Modeling Traffic Crash Severity in Complex Transportation Systems: An Efficient and Interpretable Tabular Learning Framework Under Class Imbalance

Published in Systems, 2026

Recommended citation: Li, Z., Cao, S., Miao, T., Fang, B. & Ye, Y.* (2026). "Modeling Traffic Crash Severity in Complex Transportation Systems: An Efficient and Interpretable Tabular Learning Framework Under Class Imbalance." Systems, in press.

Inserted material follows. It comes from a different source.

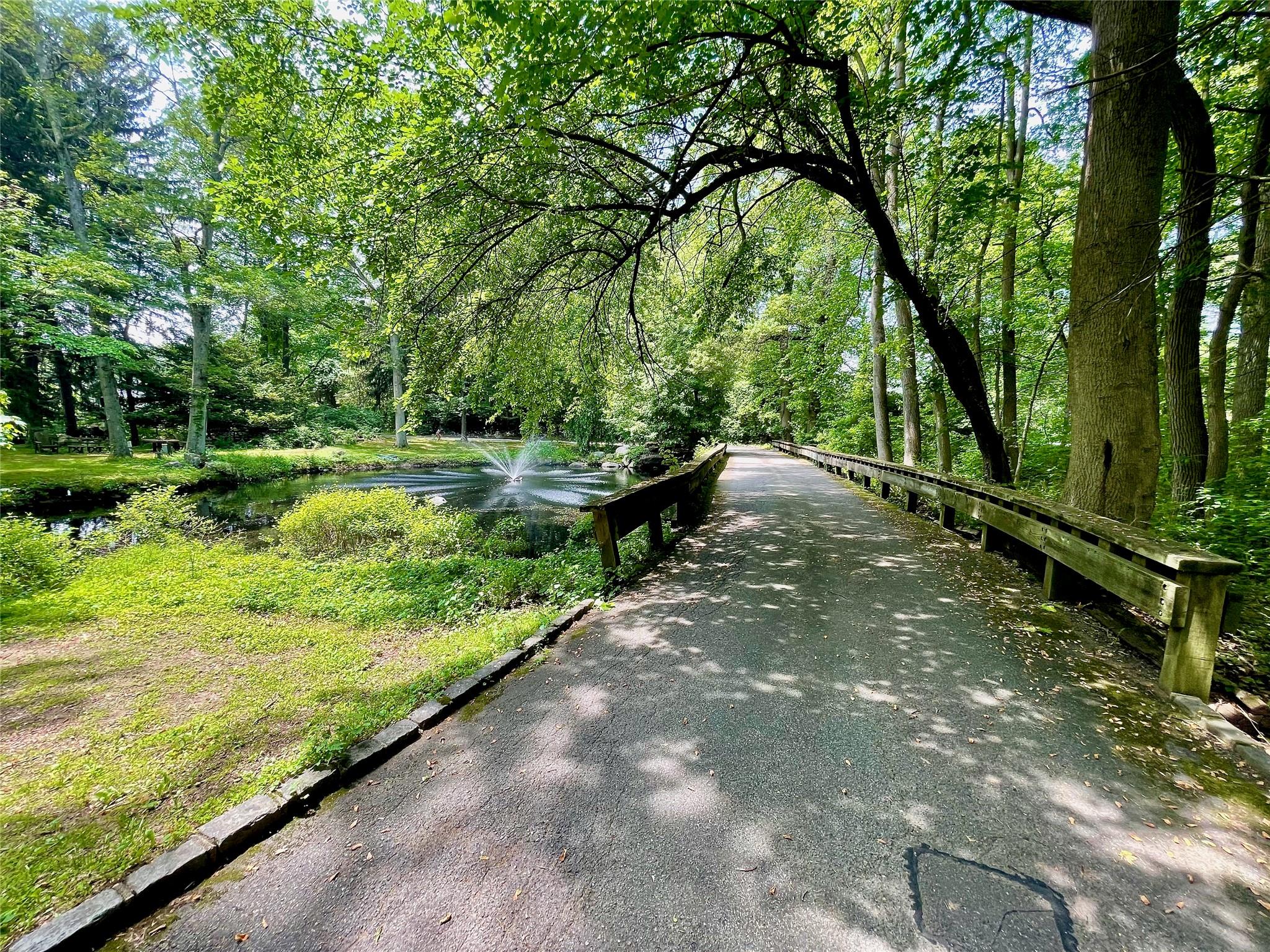 6 Hidden Pond, Muttontown, NY 11545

Accurately predicting traffic crash severity is critical for intelligent transportation systems, where outcomes emerge from the interaction of infrastructure, environment, traffic control, and human behavior. However, existing approaches face three key challenges: severe class imbalance, computational inefficiency, and limited support for system-level risk understanding. To address these issues, this study proposes a unified and system-aware framework integrating Conditional Tabular Generative Adversarial Network (CTGAN), Tabular Prior-data Fitted Network (TabPFN), and eXplainable Artificial Intelligence (XAI) methods for data augmentation, efficient prediction, and interpretable analysis. CTGAN enhances rare but critical crash states while preserving feature dependencies; TabPFN enables accurate multi-class prediction with limited dataset-specific tuning; and XAI methods quantify the influence of key factors and their interactions. Experiments on a real-world crash dataset from Boston show that the proposed framework achieves competitive predictive performance with less reliance on dataset-specific hyperparameter tuning, while also providing complementary interpretability results from multiple perspectives. The results further reveal that crash severity is jointly shaped by visibility, traffic control, roadside features, and temporal dynamics, highlighting the interconnected nature of risk within the transportation system. By integrating predictive modeling with complementary interpretability analysis, the framework provides a systems-oriented basis for examining how environmental, infrastructural, and temporal conditions jointly relate to crash severity in the studied urban crash data, while offering a methodological reference for broader safety applications that require further validation.